Ecco la mia rubrica MilleOrienti pubblicata sul numero di marzo del mensile Yoga Journal. Buona lettura
Viviamo in un mondo ossessionato dalla perfezione: i gadget tecnologici quando non lo sono più non vengono riparati bensì gettati; i nostri corpi quando invecchiano vengono corretti dalla chirurgia estetica; gli amori quando non sono più “perfetti” vengono semplicemente conclusi.
Questa ossessione per la perfezione in Occidente ha cause antiche e moderne, ma è importante ricordare che non è l’unico modo per rapportarsi al mondo e a noi stessi.
Per esempio, la tradizione estetica giapponese contempla la categoria del wabi-sabi, che allude al contrario proprio alla “bellezza dell’imperfezione”. Non è possibile tradurre esattamente in italiano wabi-sabi.
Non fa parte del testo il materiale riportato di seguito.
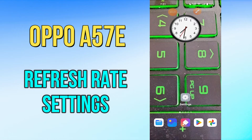But before that, hit the subscribe button and the bell icon so you won't miss any of my updates. Now watch this complete video and you will learn all about the refresh rate settings of your device Oppo A57E.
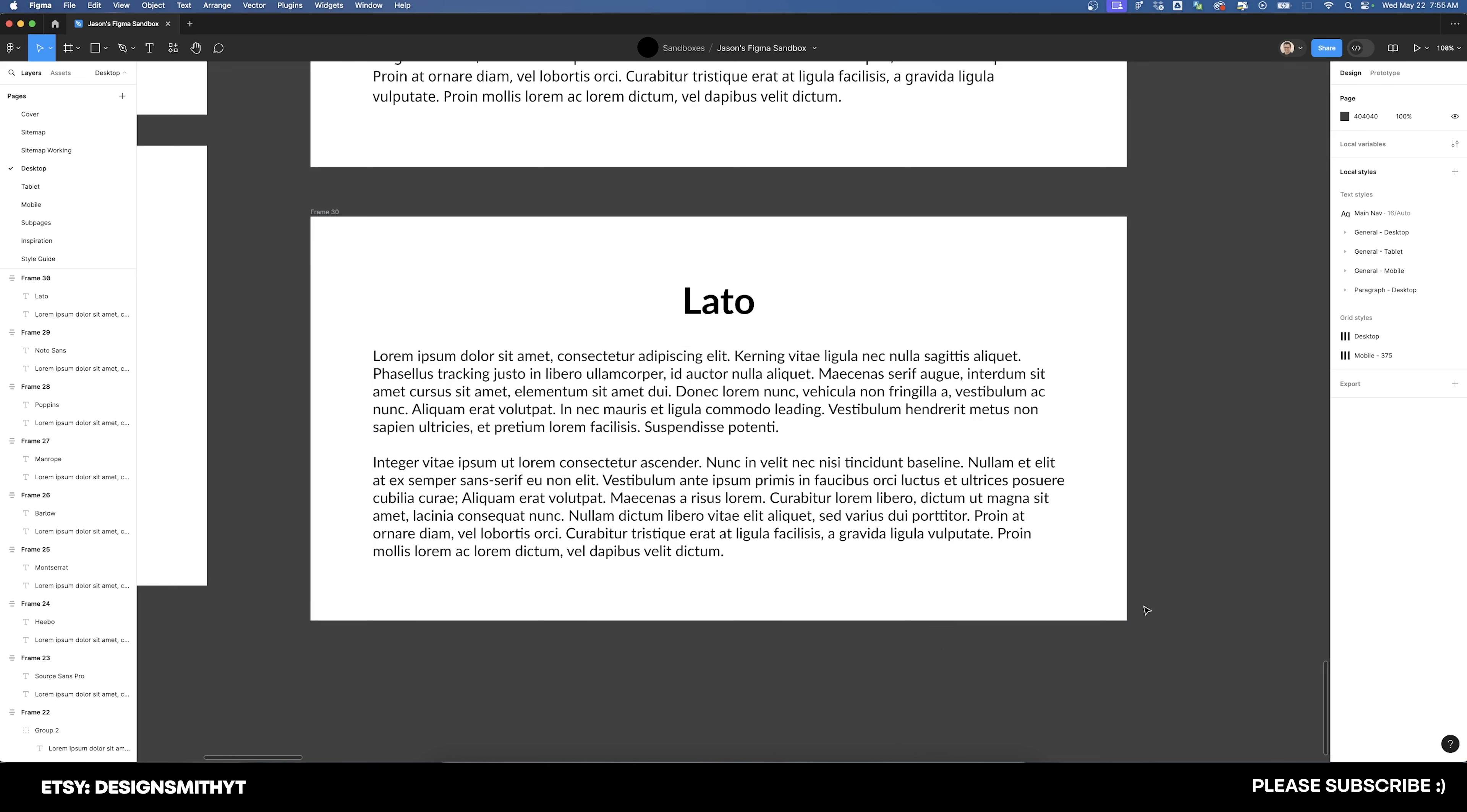Leto offers a neutral and professional appearance, making it suitable for various design applications. Its balanced letter forms and range of weights allow for effective hierarchy and emphasis akin to Helvetica. It's a great alternative to Helvetica.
Si tratta di un concetto che copre un’area concettuale vastissima: «bellezza delle cose imperfette; bellezza delle cose incompiute o temporanee; bellezza delle cose umili, modeste, grezze, segnate dal tempo».
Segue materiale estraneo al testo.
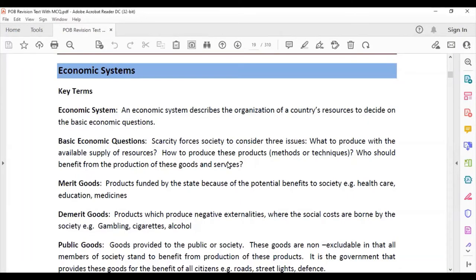Good evening everyone. This video is on economic systems. An economic system describes the organization of a country's resources to decide on the basic economic questions: what to produce, how to produce, and for whom to produce.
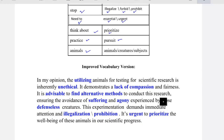Let's read the paragraph after editing. This is the published version that you should write in your exam. Here is the improved version: In my opinion, utilizing animals for testing for scientific research is inherently unethical. It demonstrates a lack of compassion and fairness. It's advisable to find alternative methods to conduct this research, ensuring the avoidance of suffering and agony experienced by those defenseless creatures. This experimentation demands immediate attention and illegalization or prohibition. It's urgent to prioritize the well-being of those animals in our scientific progress.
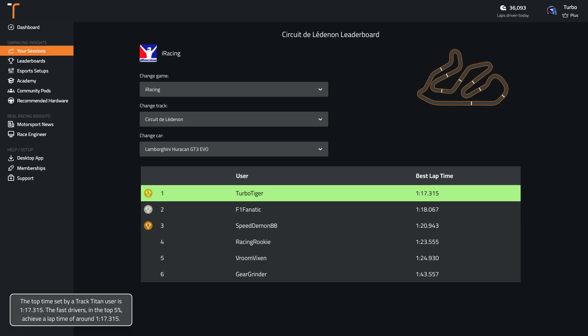The top time set by a Track Titan user is 1:17.3. The fast drivers in the top 5% achieve a lap time of around 1:17.3.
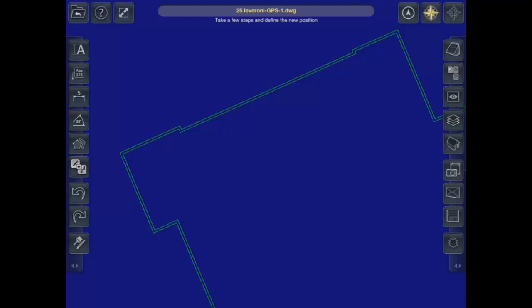GeoWalk tracks your location in a CAD file through the sensors and GPS navigation of your iPad. For GeoWalk to properly track your location, you will need to calibrate it.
I giapponesi definiscono wabi-sabi, per esempio, un oggetto artigianale non raffinato, dalla superficie ruvida e irregolare, o consunto. Un tipico esempio sono le ceramiche raku (un esempio nella foto): ruvide, grezze, irregolari, eppure elegantissime. Queste ceramiche vengono realizzate da vari artisti anche in Italia (questo il sito di Arteraku).
Ma il concetto è applicabile anche all’uomo: sono wabi-sabi le le azioni e le emozioni semplici, spontanee, genuine, private, non ostentate, belle a prescindere dal risultato che ottengono.
Filosoficamente il wabi-sabi è legato al buddhismo zen e al taoismo, dottrine entrambe figlie di un’osservazione attenta e partecipe della natura. Quale pianta, quale animale si può definire perfetto? Tutti e nessuno, cioè ciascuno a suo modo.Se volete visualizzare il wabi-sabi immaginate una ciotola: accoglie umilmente il tè e gli dà forma senza volerne mutare la natura.
Il wabi-sabi non si spiega. Si intuisce e si ama.